▸ Aim of the task
Could you output each line below exactly as it appears, excluding any pictures?

▸ Given information

___

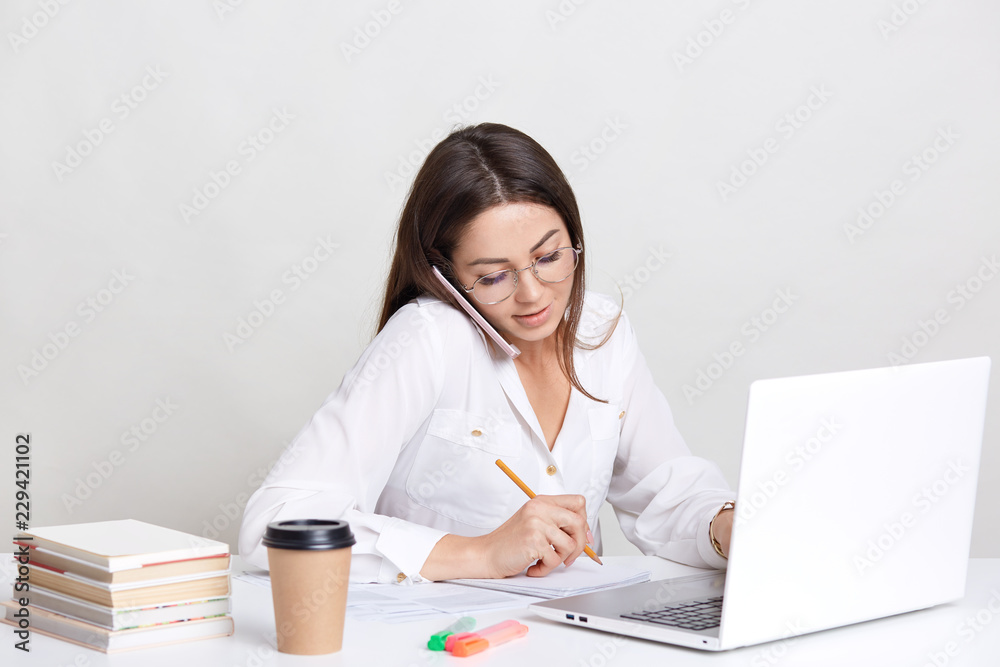 People, technology and business concept. Image of working woman has phone conversation, writes down some notes in notebook, searches information on laptop computer, drinks coffee, isolated on white People, technology and business concept. Image of working woman has phone conversation, writes down some notes in notebook, searches information on laptop computer, drinks coffee, isolated on white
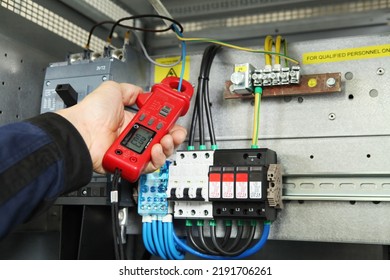 Electrician engineer work tester measuring voltage and current of power electric line in electical cabinet control.and wires on relay protection system. Bay control unit. Medium voltage switchgear.. - Shutterstock ID 2191706261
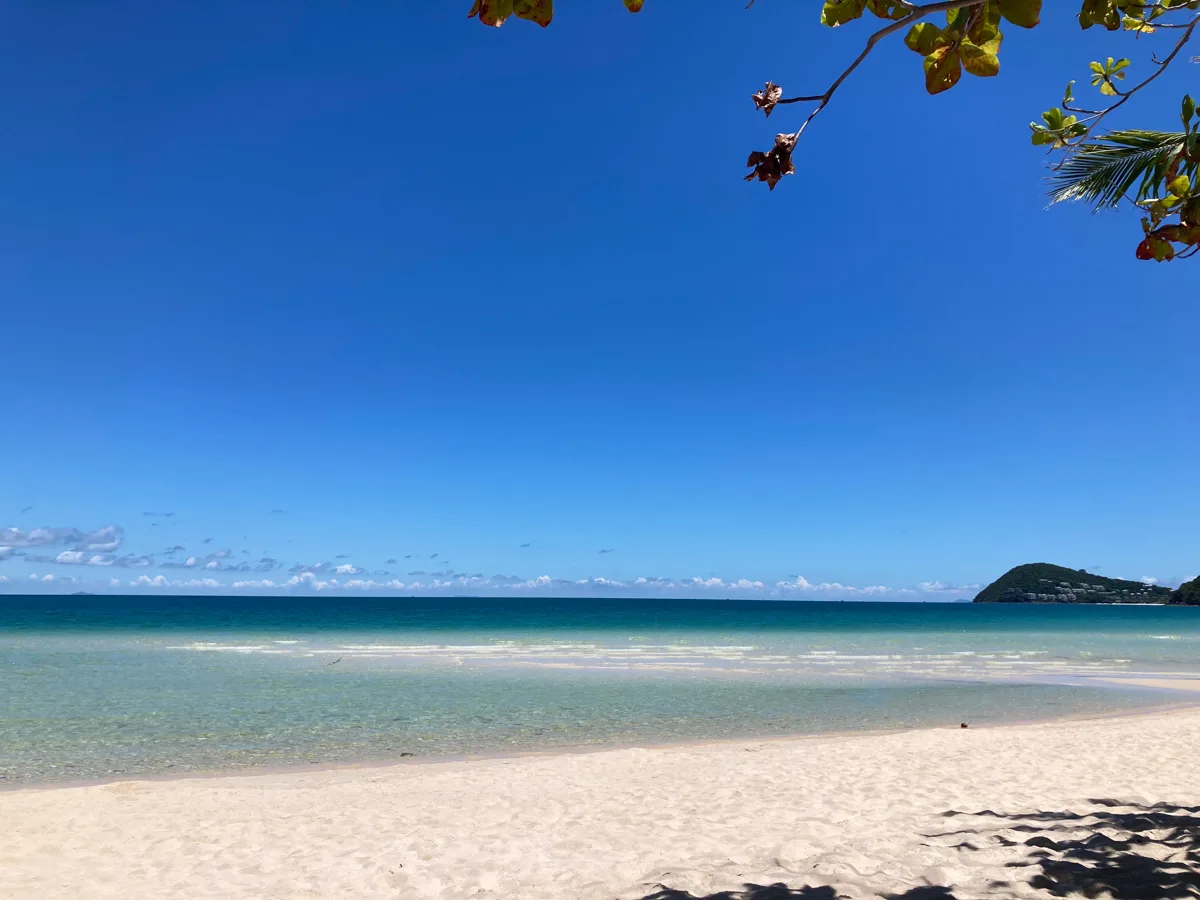Empty stretch of Phu Quoc beach looking out at emerald water in May-June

___

▸ Finished task
 People, technology and business concept. Image of working woman has phone conversation, writes down some notes in notebook, searches information on laptop computer, drinks coffee, isolated on white People, technology and business concept. Image of working woman has phone conversation, writes down some notes in notebook, searches information on laptop computer, drinks coffee, isolated on white
 Electrician engineer work tester measuring voltage and current of power electric line in electical cabinet control.and wires on relay protection system. Bay control unit. Medium voltage switchgear.. - Shutterstock ID 2191706261
Empty stretch of Phu Quoc beach looking out at emerald water in May-June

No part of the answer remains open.